Speaking from his New York home a few days before the start of the first Lemonheads tour in a decade, Dando is his classically petulant self, still straddling the line between lout and genius, oftentimes coming across as a sobriety-challenged, semi-likable, dumb-ass savant. Mumbling and slurring out responses, Dando doesn't come off as angry as much as perpetually bummed out.

"I don't answer questions about my drug use," he says, even though a recent article in Spin magazine had several lengthy quotes concerning just that. "That guy from Spin was a fucking asshole who made me out to be a jerk," says Dando, although doing such might not take as much work as he may think.
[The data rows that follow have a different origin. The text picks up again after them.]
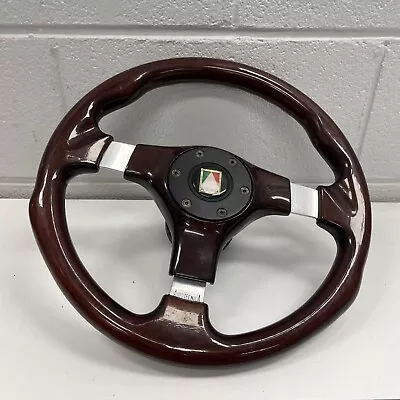 ORIGINAL AUTOTECNICA WOODGRAIN SPOKE STEEL STEERING WHEEL 350MM ITALY Car Motor • $29.99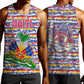 Haiti Christmas Men Tank Top Blue Red Yellow Xmas Santa Sleigh and Coat of Arms - African Pride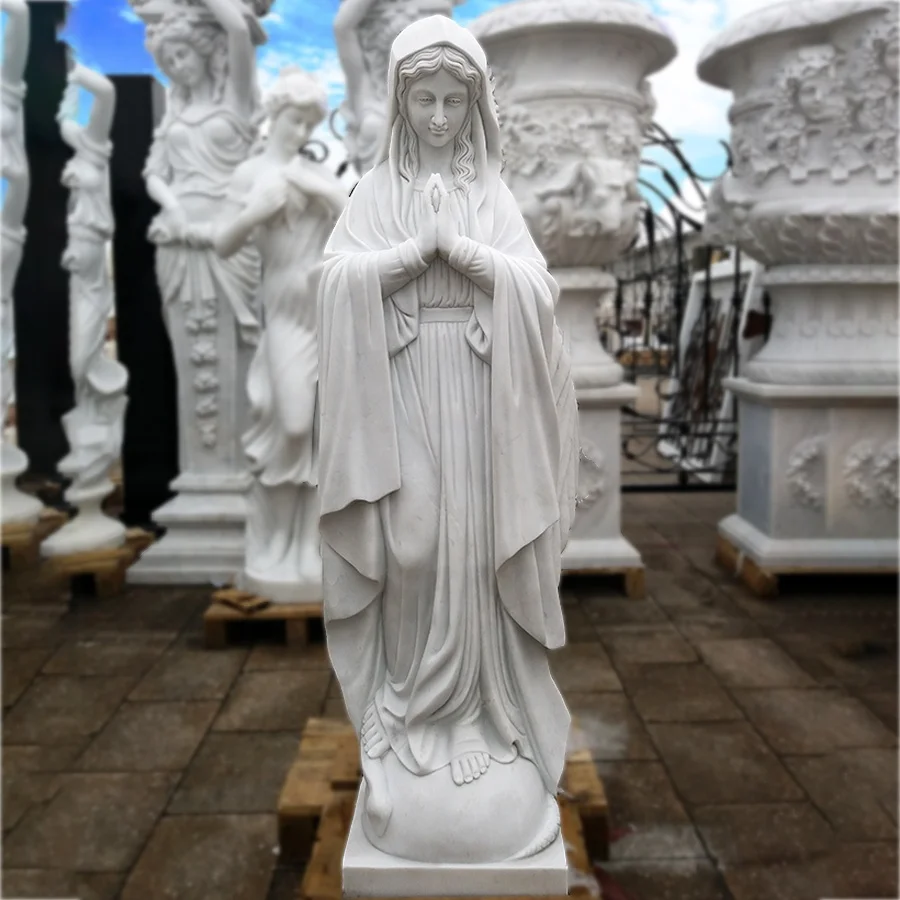 Life size religion virgin mary white marble statue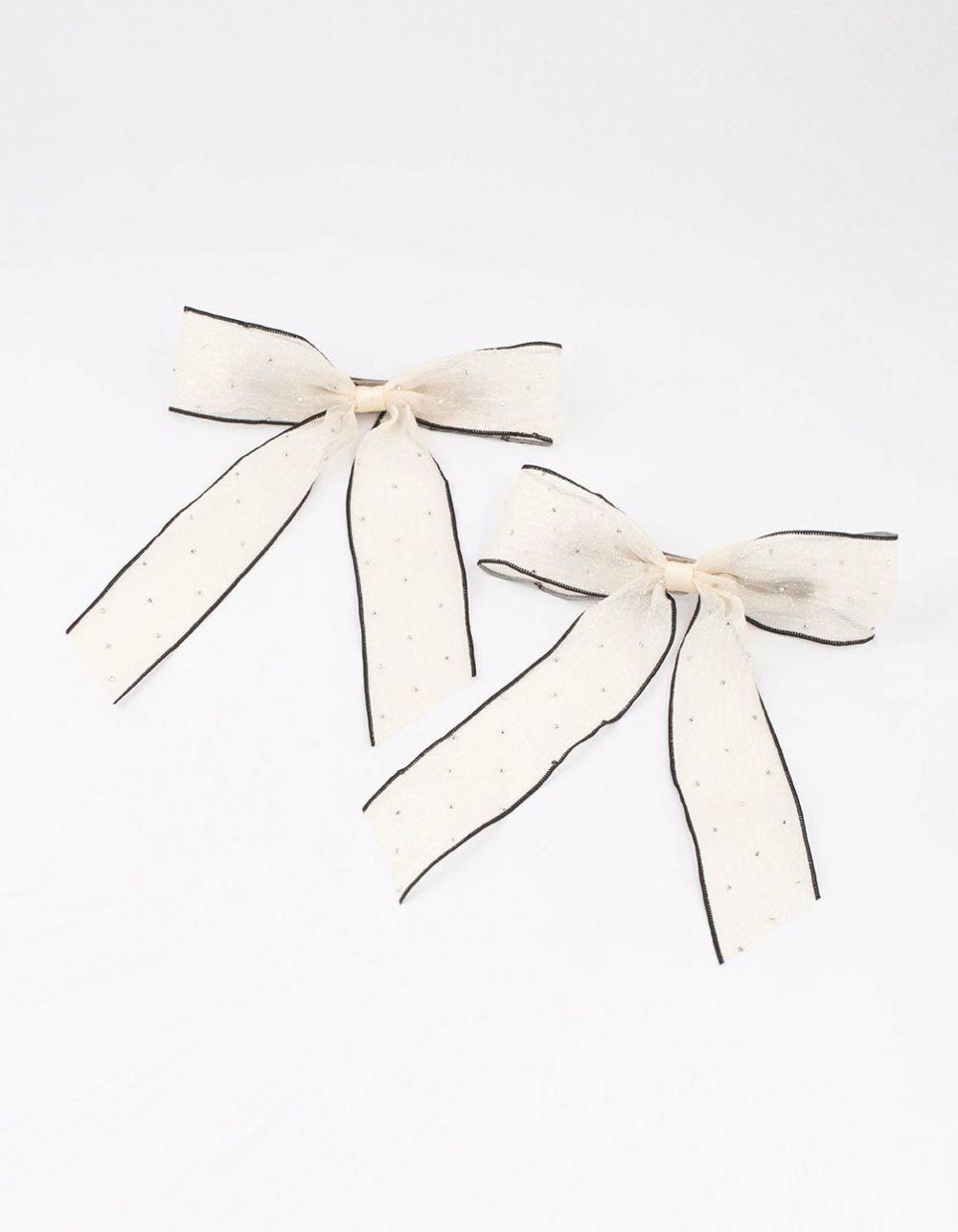 Cream Fabric Large Diamante Hair Bows Pack Accessories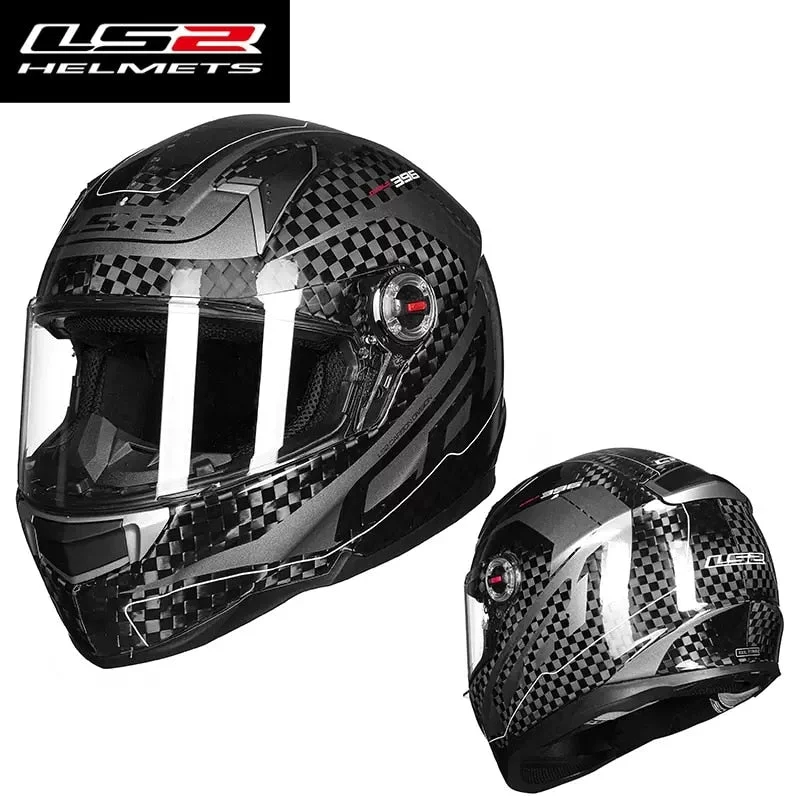 Original LS2 FF396 Carbon Fiber Motorcycle Helmet Ls2 Full Face Helmets Casco Casque Moto No Airbags Pump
After struggling to garner significant attention with his solo career, and after his well-chronicled (and ongoing) battles with alcohol and drugs, Dando has settled down with his model wife (whose curvaceous image graces the CD's insert) and decided to reclaim the Lemonheads moniker, recruiting Bill Stevenson and Karl Alvarez of the Descendents as his newest bandmates. The trio released The Lemonheads last year and the disc is a semi return to form, with quickened tempos and less of the self-consciously mannered acoustic meanderings common to later releases by the band and on Dando's solo material. Featuring cameos by Garth Hudson (The Band) and longtime pal J. Mascis, the recent CD just might be the most coherent work Dando has ever mustered.
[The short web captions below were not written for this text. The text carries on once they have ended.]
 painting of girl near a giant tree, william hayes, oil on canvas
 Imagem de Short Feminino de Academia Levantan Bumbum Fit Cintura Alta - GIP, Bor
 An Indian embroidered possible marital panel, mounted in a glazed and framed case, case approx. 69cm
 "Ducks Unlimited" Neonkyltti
"This feels like a new beginning for me," says Dando, "a chance to work harder on the music, to just concentrate on good songwriting."
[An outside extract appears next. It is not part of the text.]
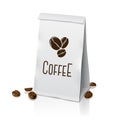 Blank vector realistic paper packaging coffee bag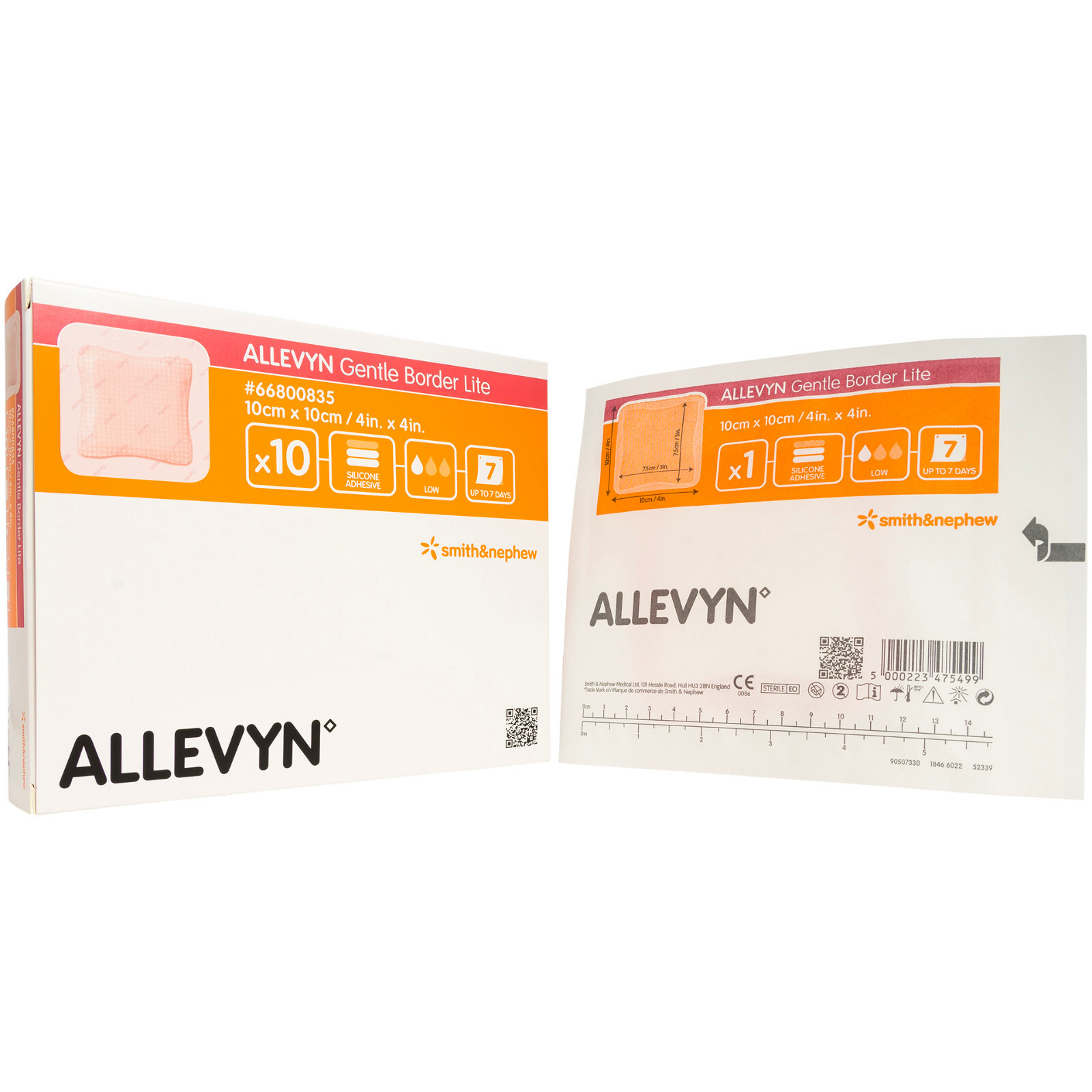 Smith & Nephew 66800835 Allevyn Gentle Border Lite Foam Dressing 4″ x 4″ – 10/BX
And while the new disc does boast some of the best songs of his career, it's hard to forget that Dando has always been better known for his slacker, sex-kitten persona than his musical acumen. Like John Reznik of the Goo Goo Dolls, Dando has found it difficult to be both a serious musician and a teen-beat poster boy; he didn't ask to be the latter, and he also doesn't appreciate the comparison.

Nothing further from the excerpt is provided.